Ask around and many will tell you there’s only one place in Las Vegas where 200 pinball machines buzz like a choir and sing the tune of arcade nostalgia. If you guessed the Pinball Hall of Fame, you are correct!
"It is a totally unique place,” said founder and director Tim Arnold. “There's no other place like this on Earth.”
But, there’s a slight chance this Las Vegas staple won't be here forever. It’s a reality that set in a few months ago when Arnold had a small heart attack.
"I am 60 now and I am not as young as I used to be,” he told 13 Action News.
For 26 years, Arnold has treated his machines with tender love and care. He says it’s a skill set he says many applicants don't have.
"I routinely have to make parts by taking a sheet of metal, bending it, cutting it, forming it," he said.

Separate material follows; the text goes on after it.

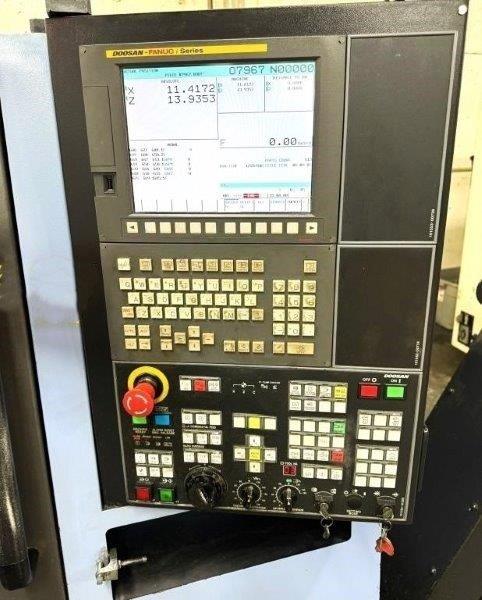 DOOSAN LYNX 220A,20.1 SWING,12.68 CC,2.2 BORE,6,000-RPM,20-HP,FANUC-I,NEW-2014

Companies no longer make the integrated chips and circuits needed to repair his machines if they break, so Arnold has been hoarding old parts. His fear is that young applicants don't have a clue how to use them.
Arnold says, "It's more like a medieval skill of making things with a hammer and an anvil."
The Pinball Hall of Fame is a nonprofit museum so you have to love it enough to work for free.
"It's hard to get somebody to doing this full-time and dedicating their life to it, when there's no profit in it for them," said Arnold.
You might be a pinball wizard, sheer talent isn't enough.
If you think you have what it takes to follow Arnold’s footsteps, you can apply face to face at the museum with the master himself.